Segment Start: EXCERPTED RECORDS

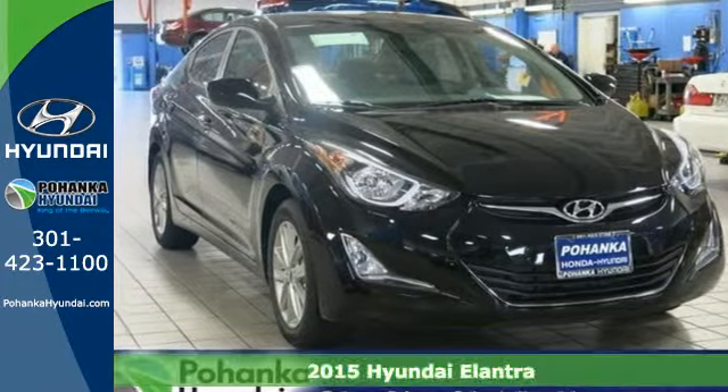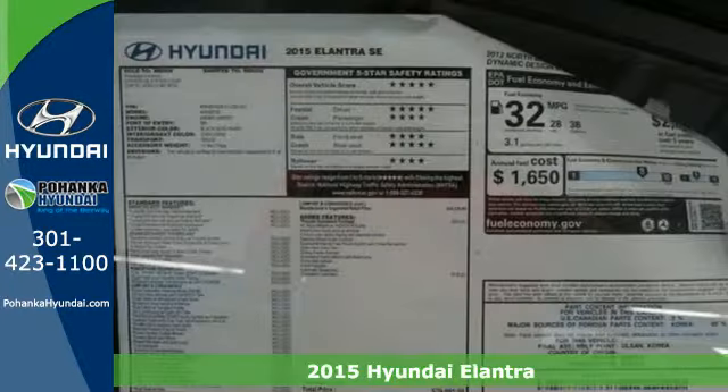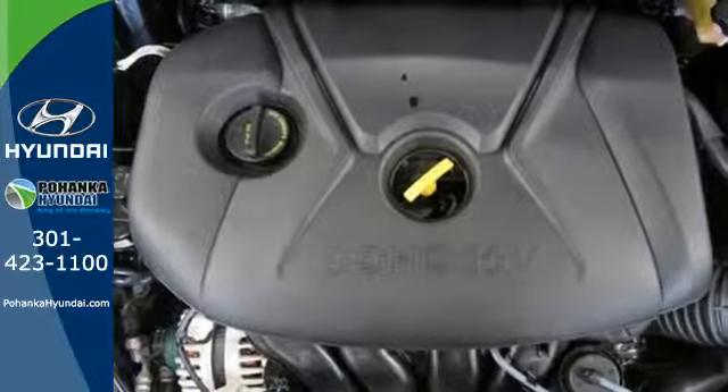Here's a 2015 Hyundai Elantra. Look and feel great in this Hyundai. The smooth lines of this eye-catching ride house over 100 cubic feet of interior room. The great looking alloy wheels add style to your ride.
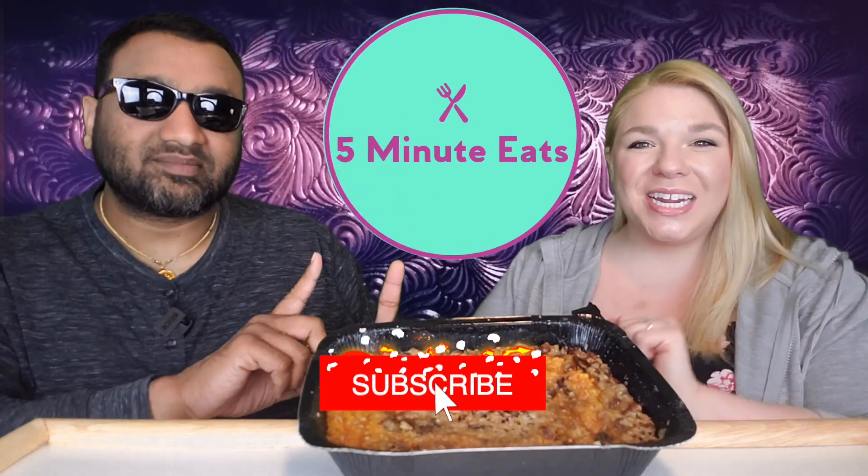Hey everyone, welcome back to Five Minute Eats! Today we have a side dish — or maybe a dessert, take your pick. It is the Picked Sweet Farms sweet potato casserole with praline topping. This looks phenomenal on the packaging. Picked Sweet Farms is from Bells, Tennessee, which feels perfect because the South is where sweet potatoes are known to come from.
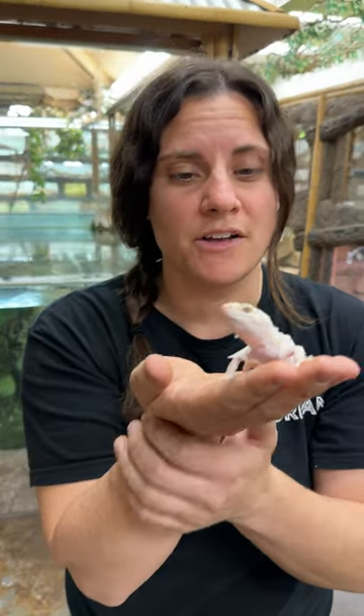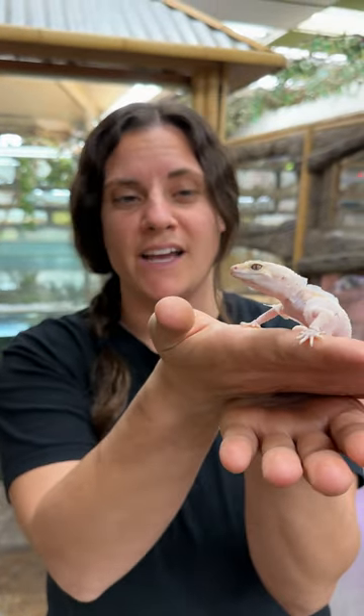Leopard geckos will go through and actually eat all their shed skin right off of their body. With the little feet, they'll just eat it right up. He loves it, it's great for him, and doesn't leave any markings for anyone to find him.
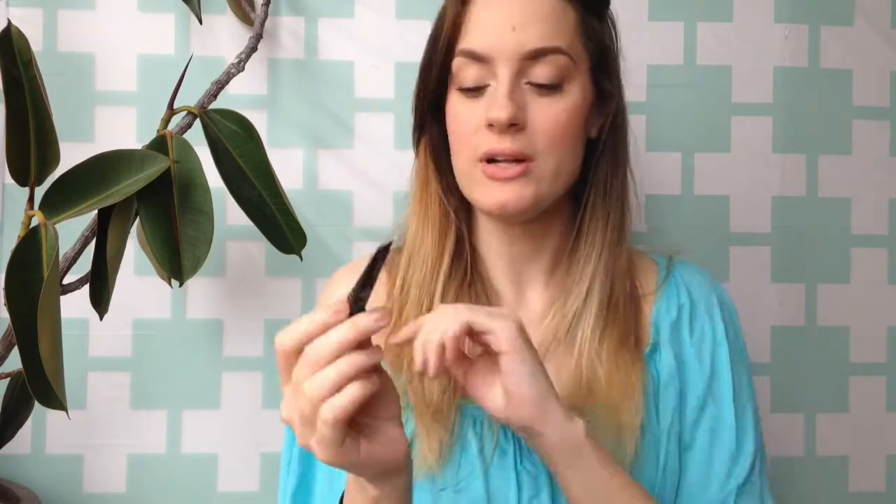Another product I've been raving about is the NARS Pure Radiant Tinted Moisturizer SPF 30 PA+++. I had this little two-milliliter sample and it is finally gone — I used it all. The shade was Alaska and it worked really well for me. I love the dewy finish and the SPF 30. Next time I'm at a Murale I'm actually going to get this with my optimum points — that's the plan.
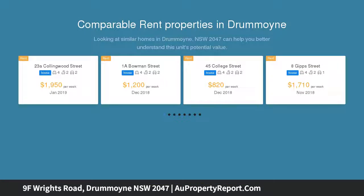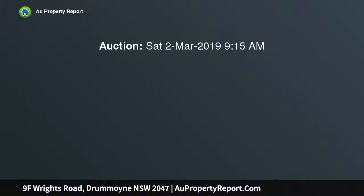It's brimming with character and charm, while offering impressive proportions and wonderful versatility. Spacious lounge with fireplace opens to a private hedge-lined garden and sunlit lawn, enhanced by soaring ceilings, polished timber floors and abundant natural light. Neatly appointed kitchen and adjoining dining area with lovely garden outlook.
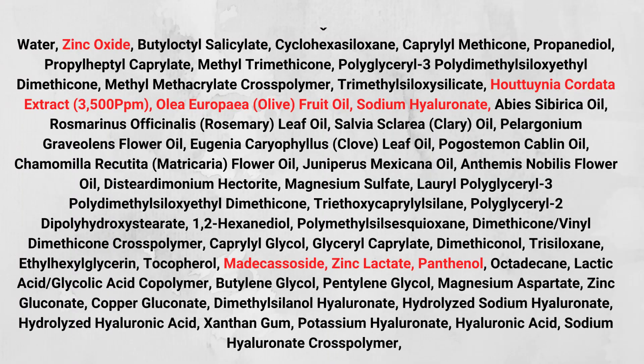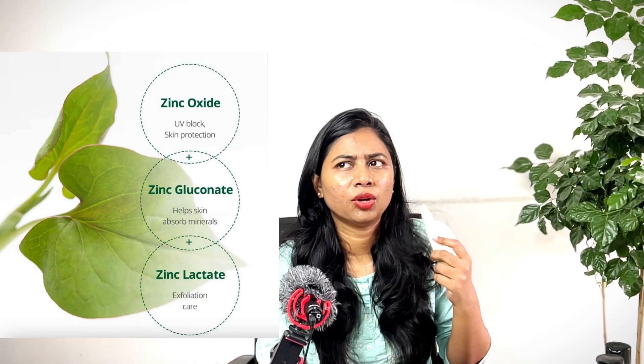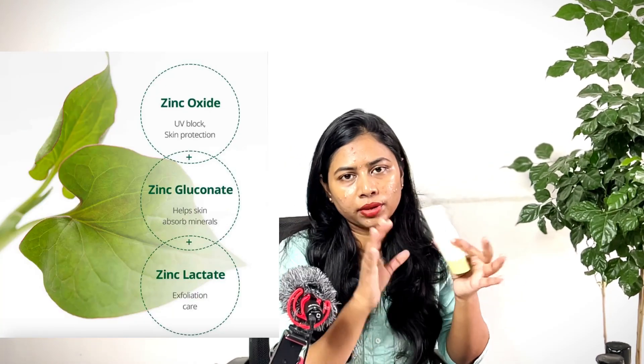Coming to the ingredients, it has zinc oxide as the physical filter in the formulation. They have actually included three types of zinc: zinc oxide, zinc gluconate, and another one. Zinc acts as an anti-acne and soothing ingredient for the skin. The Heartleaf Calming Minerals are mainly focused on soothing the skin while providing sun protection — that's the concept of this sunscreen.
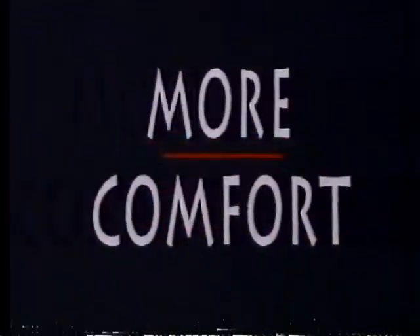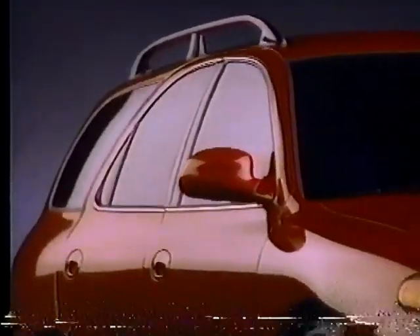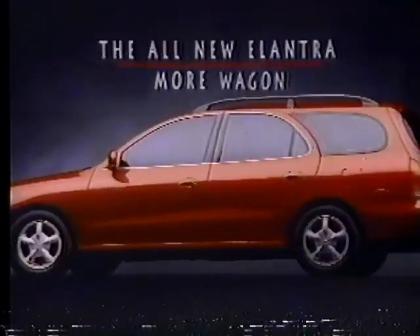Plus standard features you'd expect on wagons costing thousands more. Like dual airbags, side impact beams and a roof rack. At a price that's less than the competition.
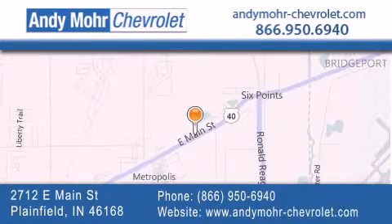You can visit our new and pre-owned inventory online, get new car pricing, and receive free no obligation price quotes. Visit Andy Moore Chevrolet today at 2712 East Main Street in Plainfield, or see us online at andymoore-chevrolet.com.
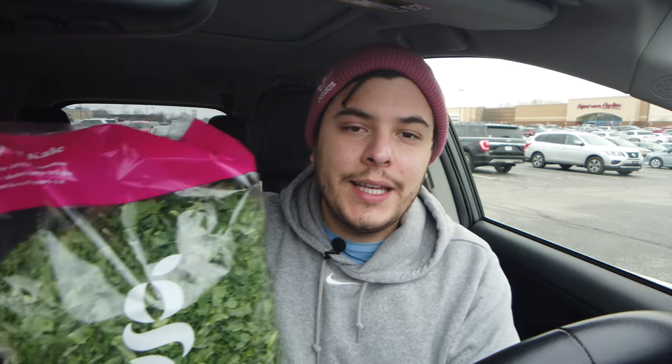Target has pre-made gingerbread houses that you can just decorate, which is great if you have little kids. Also I have to mention Target Kale again — it is the best kale I've ever had. It's not too bitter, goes perfect with smoothies, juicing, or a Tuscany soup. And Emily and I also got stuff to make chili — everything you need — and some cornbread.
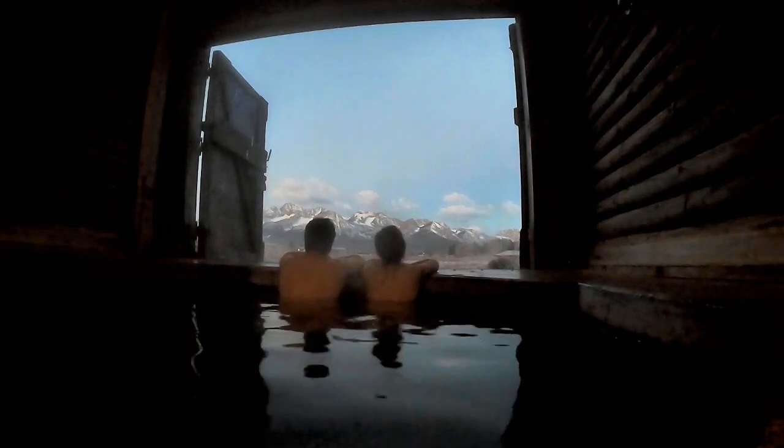We are walking out in the cold yet again, except this time there is a cute little hot springs cabin waiting for us.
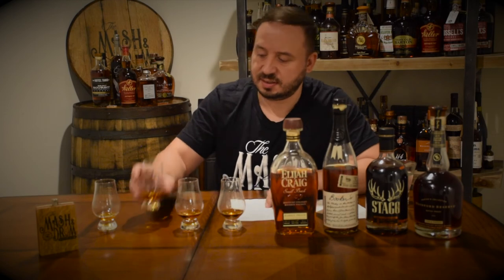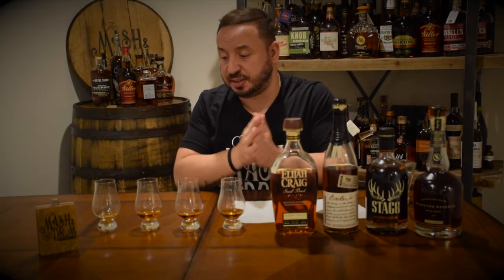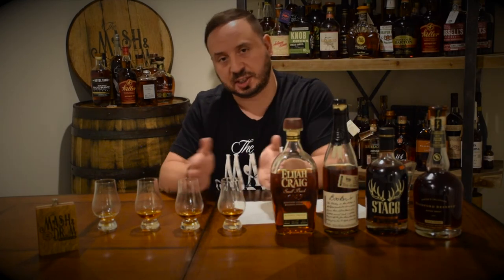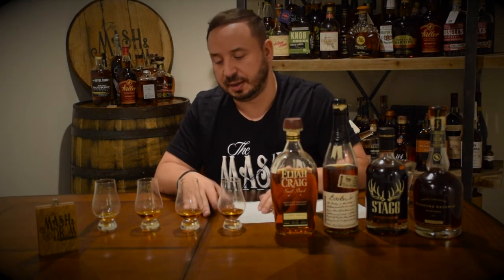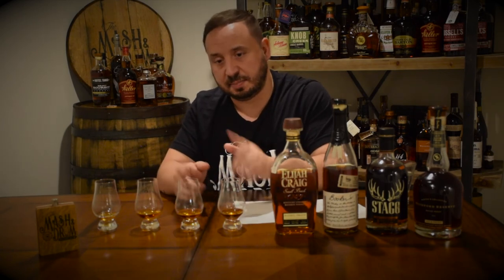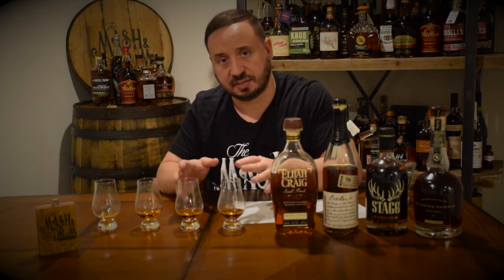Third place is number two — Stagg Jr. An amazing bourbon. Love Stagg Jr., love George T. Stagg. This was really good and was actually kind of pushing its way into the top two. But these top two had more balance, whereas this one was really sweet to me — which is obviously a great thing. But the top two had the mixture of sweetness and wood and oak and a really nice balance of flavors.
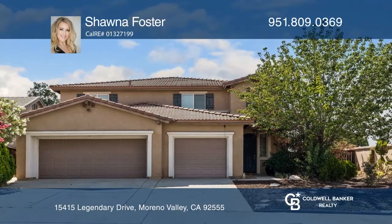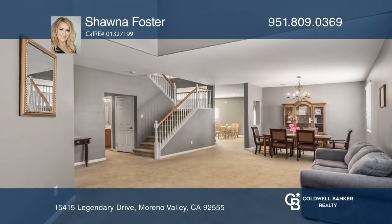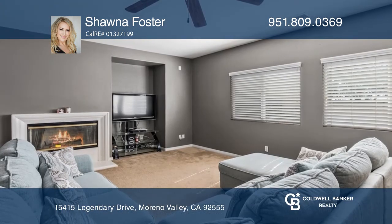This highly desired area of Rancho Balago welcomes you to this beautiful home with five beds, three baths, and just over 3,000 square feet of livable space. The home's features include a formal family room and dining room, a kitchen with a large island, and an entertainer's living room with a fireplace.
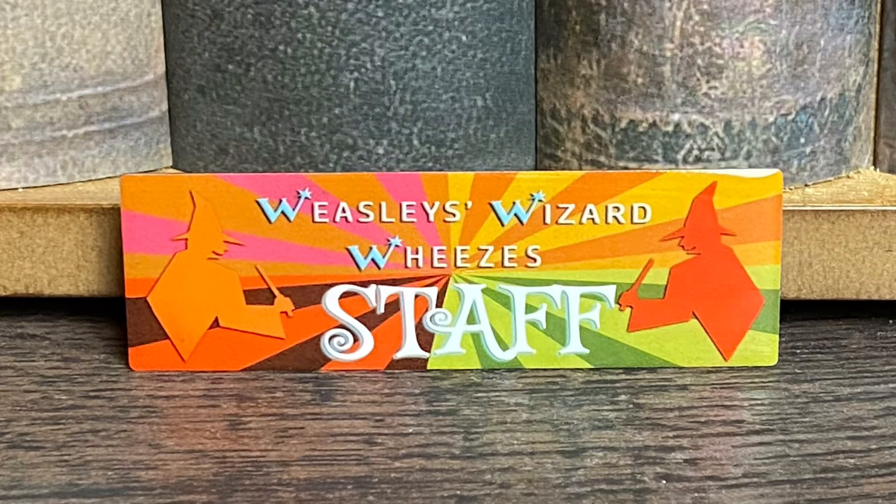I am a fan of this! We have our very own staff pin badge for Weasley's Wizard Wheezes. I love the coloring, the design, everything — and it's one you can actually put on and wear. I'm going to wear it — I'm a staff member at Weasley's Wizard Wheezes! I'm pretty sure this is actual metal so really good quality. Yes, I am a fan.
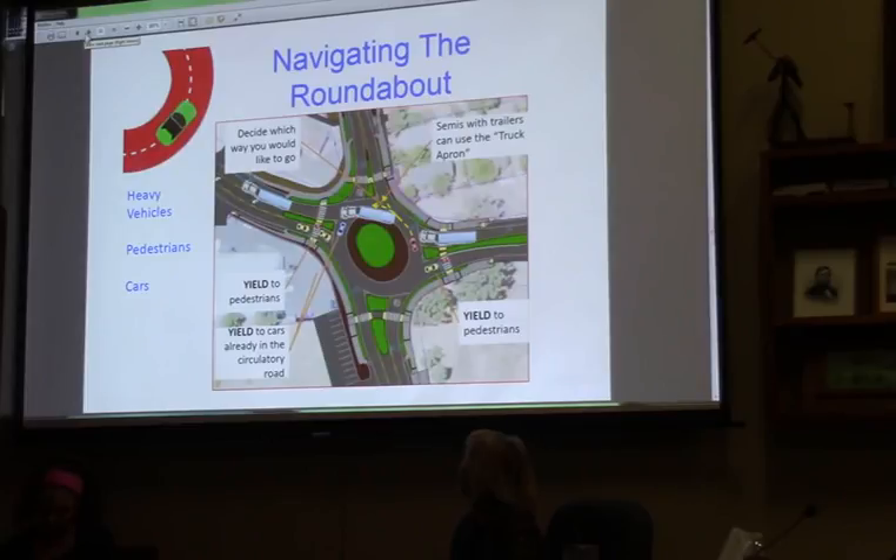You also want to yield to pedestrians, which is state law in general. Semi-trucks are able to navigate the roundabout utilizing the red space shown here, which is called a truck apron. It allows for the back trailer — once they're making a turn — to actually over-track. The trailer can ride that truck apron instead of having to stay in the lane. This means the intersection doesn't need to be massive to account for trucks staying in a really wide lane; they can off-track the trailer a little bit into that space.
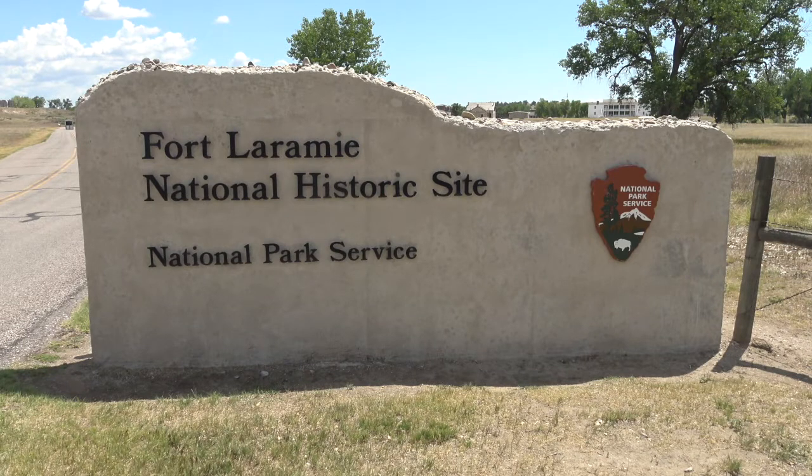Hello everyone, Gary here on another western road trip. I am here in eastern central Wyoming at Fort Laramie National Historical Site. This was a big crossroads of the Oregon Trail, built to protect the settlers as they came across the plains and headed through Wyoming to Oregon. This was a major outpost in its day.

Segment End: EXCERPTED RECORDS

Retype every record above word for word, leaving out any pictures.

§ **TASK ANSWER**:
Here's a 2015 Hyundai Elantra. Look and feel great in this Hyundai. The smooth lines of this eye-catching ride house over 100 cubic feet of interior room. The great looking alloy wheels add style to your ride.
Hey everyone, welcome back to Five Minute Eats! Today we have a side dish — or maybe a dessert, take your pick. It is the Picked Sweet Farms sweet potato casserole with praline topping. This looks phenomenal on the packaging. Picked Sweet Farms is from Bells, Tennessee, which feels perfect because the South is where sweet potatoes are known to come from.
Leopard geckos will go through and actually eat all their shed skin right off of their body. With the little feet, they'll just eat it right up. He loves it, it's great for him, and doesn't leave any markings for anyone to find him.
Another product I've been raving about is the NARS Pure Radiant Tinted Moisturizer SPF 30 PA+++. I had this little two-milliliter sample and it is finally gone — I used it all. The shade was Alaska and it worked really well for me. I love the dewy finish and the SPF 30. Next time I'm at a Murale I'm actually going to get this with my optimum points — that's the plan.
It's brimming with character and charm, while offering impressive proportions and wonderful versatility. Spacious lounge with fireplace opens to a private hedge-lined garden and sunlit lawn, enhanced by soaring ceilings, polished timber floors and abundant natural light. Neatly appointed kitchen and adjoining dining area with lovely garden outlook.
Coming to the ingredients, it has zinc oxide as the physical filter in the formulation. They have actually included three types of zinc: zinc oxide, zinc gluconate, and another one. Zinc acts as an anti-acne and soothing ingredient for the skin. The Heartleaf Calming Minerals are mainly focused on soothing the skin while providing sun protection — that's the concept of this sunscreen.
Plus standard features you'd expect on wagons costing thousands more. Like dual airbags, side impact beams and a roof rack. At a price that's less than the competition.
You can visit our new and pre-owned inventory online, get new car pricing, and receive free no obligation price quotes. Visit Andy Moore Chevrolet today at 2712 East Main Street in Plainfield, or see us online at andymoore-chevrolet.com.
Target has pre-made gingerbread houses that you can just decorate, which is great if you have little kids. Also I have to mention Target Kale again — it is the best kale I've ever had. It's not too bitter, goes perfect with smoothies, juicing, or a Tuscany soup. And Emily and I also got stuff to make chili — everything you need — and some cornbread.
We are walking out in the cold yet again, except this time there is a cute little hot springs cabin waiting for us.
Third place is number two — Stagg Jr. An amazing bourbon. Love Stagg Jr., love George T. Stagg. This was really good and was actually kind of pushing its way into the top two. But these top two had more balance, whereas this one was really sweet to me — which is obviously a great thing. But the top two had the mixture of sweetness and wood and oak and a really nice balance of flavors.
This highly desired area of Rancho Balago welcomes you to this beautiful home with five beds, three baths, and just over 3,000 square feet of livable space. The home's features include a formal family room and dining room, a kitchen with a large island, and an entertainer's living room with a fireplace.
I am a fan of this! We have our very own staff pin badge for Weasley's Wizard Wheezes. I love the coloring, the design, everything — and it's one you can actually put on and wear. I'm going to wear it — I'm a staff member at Weasley's Wizard Wheezes! I'm pretty sure this is actual metal so really good quality. Yes, I am a fan.
You also want to yield to pedestrians, which is state law in general. Semi-trucks are able to navigate the roundabout utilizing the red space shown here, which is called a truck apron. It allows for the back trailer — once they're making a turn — to actually over-track. The trailer can ride that truck apron instead of having to stay in the lane. This means the intersection doesn't need to be massive to account for trucks staying in a really wide lane; they can off-track the trailer a little bit into that space.
Hello everyone, Gary here on another western road trip. I am here in eastern central Wyoming at Fort Laramie National Historical Site. This was a big crossroads of the Oregon Trail, built to protect the settlers as they came across the plains and headed through Wyoming to Oregon. This was a major outpost in its day.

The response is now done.